New Zealand / Technology

No warnings of IT outage that cancelled treatments at Wellington, Wairarapa hospitals

14:50 pm on 23 August 2023

Photo: RNZ / DOM THOMAS

Wellington Hospital says it had no way of knowing its computer systems would overheat, causing a major shutdown that cancelled treatments in June.

The country's public health system is in the middle of assessing a plethora of old, unreliable and insecure IT systems that need billions of dollars to upgrade.

However, Te Whatu Ora said it had never recorded any risks or issues with Wellington's computer chillers.

In fact, annual maintenance had been done on them in late May, just weeks before the main chiller and two standbys malfunctioned.

An Official Information Act response said this was compounded by a cloud-computing outage that prevented online checks of the chillers, that began shutting down around 3am, taking out data services across the city, Hutt Valley and Wairarapa.

"As far as Te Whatu Ora is aware, there were no flags/warnings/alerts that this incident would occur," the interim head of integration and special projects, Stuart Bloomfield, said in an OIA response.

"Prior to 21 June, 2023, there was no indication that a chiller failure was about to occur."

Wellington has had a host of problems with its electrical infrastructure - it was at "high risk of a catastrophic failure", a 2017 report said.

As for IT, a partial stocktake at hospitals nationwide in 2020 found huge problems it said would take $2.3 billion and a decade to fix.

Three years on, not much has changed.

The health minister was told in May that the main barrier to an IT transformation "is the current state and complexity of data and digital systems (including over 4000 applications nationally) and the deficit of data and digital skills across the health ecosystem", the OIA showed.

At Wellington in June, the temperature in the data centre began to rise when the main chiller broke down on 21 June.

"The standby chillers should have automatically come online when the primary chiller malfunctioned, but this did not occur."

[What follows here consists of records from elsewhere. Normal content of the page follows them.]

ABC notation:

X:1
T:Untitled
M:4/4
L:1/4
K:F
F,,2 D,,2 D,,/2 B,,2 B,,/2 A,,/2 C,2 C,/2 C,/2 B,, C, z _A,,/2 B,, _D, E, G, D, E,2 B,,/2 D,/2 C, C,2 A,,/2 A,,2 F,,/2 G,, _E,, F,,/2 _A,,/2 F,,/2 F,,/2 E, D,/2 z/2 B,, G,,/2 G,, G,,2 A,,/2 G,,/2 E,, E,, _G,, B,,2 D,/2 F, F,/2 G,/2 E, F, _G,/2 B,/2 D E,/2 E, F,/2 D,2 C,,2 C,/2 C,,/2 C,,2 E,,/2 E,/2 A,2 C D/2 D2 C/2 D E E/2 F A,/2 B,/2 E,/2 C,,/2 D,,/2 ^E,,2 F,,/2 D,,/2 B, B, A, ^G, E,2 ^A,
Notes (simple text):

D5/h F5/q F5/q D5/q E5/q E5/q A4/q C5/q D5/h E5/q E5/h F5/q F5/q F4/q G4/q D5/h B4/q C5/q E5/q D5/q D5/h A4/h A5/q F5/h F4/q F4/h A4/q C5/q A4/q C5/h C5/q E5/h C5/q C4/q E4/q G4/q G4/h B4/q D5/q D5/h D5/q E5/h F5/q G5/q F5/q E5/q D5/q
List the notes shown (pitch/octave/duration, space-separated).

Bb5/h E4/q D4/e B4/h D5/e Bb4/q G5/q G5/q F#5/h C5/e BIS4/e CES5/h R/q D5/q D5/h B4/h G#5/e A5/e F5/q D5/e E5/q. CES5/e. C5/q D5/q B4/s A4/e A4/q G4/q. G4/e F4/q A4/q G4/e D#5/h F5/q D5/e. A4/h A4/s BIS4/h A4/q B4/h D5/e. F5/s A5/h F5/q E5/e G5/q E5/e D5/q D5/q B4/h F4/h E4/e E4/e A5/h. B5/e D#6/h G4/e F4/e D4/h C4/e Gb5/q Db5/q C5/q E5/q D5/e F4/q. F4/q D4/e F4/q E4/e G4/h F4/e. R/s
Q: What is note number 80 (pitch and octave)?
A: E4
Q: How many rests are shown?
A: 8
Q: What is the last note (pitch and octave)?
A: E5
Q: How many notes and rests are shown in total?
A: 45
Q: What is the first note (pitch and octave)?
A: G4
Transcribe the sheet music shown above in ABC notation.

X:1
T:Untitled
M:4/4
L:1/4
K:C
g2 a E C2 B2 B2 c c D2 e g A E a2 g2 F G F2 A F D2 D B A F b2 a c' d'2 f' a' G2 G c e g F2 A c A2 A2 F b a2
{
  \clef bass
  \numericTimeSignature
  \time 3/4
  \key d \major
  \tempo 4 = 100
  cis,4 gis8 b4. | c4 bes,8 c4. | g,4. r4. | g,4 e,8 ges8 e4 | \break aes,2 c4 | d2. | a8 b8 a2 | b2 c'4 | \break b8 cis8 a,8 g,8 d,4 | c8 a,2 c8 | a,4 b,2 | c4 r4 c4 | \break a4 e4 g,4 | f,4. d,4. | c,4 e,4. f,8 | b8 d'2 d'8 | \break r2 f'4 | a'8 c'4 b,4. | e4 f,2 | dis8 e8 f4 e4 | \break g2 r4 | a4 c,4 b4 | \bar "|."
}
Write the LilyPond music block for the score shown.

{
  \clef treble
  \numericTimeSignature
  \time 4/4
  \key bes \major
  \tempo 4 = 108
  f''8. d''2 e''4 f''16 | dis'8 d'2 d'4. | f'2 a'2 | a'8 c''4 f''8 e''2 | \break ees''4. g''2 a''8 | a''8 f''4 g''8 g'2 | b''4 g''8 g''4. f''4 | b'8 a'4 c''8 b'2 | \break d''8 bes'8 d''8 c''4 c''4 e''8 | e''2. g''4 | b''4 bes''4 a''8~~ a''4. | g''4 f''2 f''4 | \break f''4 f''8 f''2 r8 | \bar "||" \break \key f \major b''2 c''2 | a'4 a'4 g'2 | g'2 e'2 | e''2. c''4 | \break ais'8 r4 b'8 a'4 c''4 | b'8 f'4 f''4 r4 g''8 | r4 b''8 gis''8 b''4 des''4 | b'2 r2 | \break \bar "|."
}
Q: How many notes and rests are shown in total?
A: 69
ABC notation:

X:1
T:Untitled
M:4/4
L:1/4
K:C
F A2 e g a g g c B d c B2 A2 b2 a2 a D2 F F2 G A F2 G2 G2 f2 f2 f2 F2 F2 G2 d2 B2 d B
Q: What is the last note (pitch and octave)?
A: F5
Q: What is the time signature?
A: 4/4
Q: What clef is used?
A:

By 3am the next morning, servers began shutting down "due to this excessive heat and to avoid damage to the hardware".

The service desk began getting calls 45 minutes later.

Technicians on the job at 6.30am managed in two hours to get the temperature down to an acceptable 23C.

The company that serviced the system could not see online just what was going on, because the cloud-connected services hub was out of sorts, too.

"At the time of the incident, the service provider's remote visibility of the equipment status onsite was not available." This was later fixed.

Computer services were restored around 2pm, though they took another 12 hours to come fully up to speed.

It turned out that one chiller's pump had played up, shutting down the chiller management system.

"The system used the cold water stored in the buffer tank, which eventually ran out."

The management system has since run properly.

"We will be replacing parts and carrying out further testing," Bloomfield said.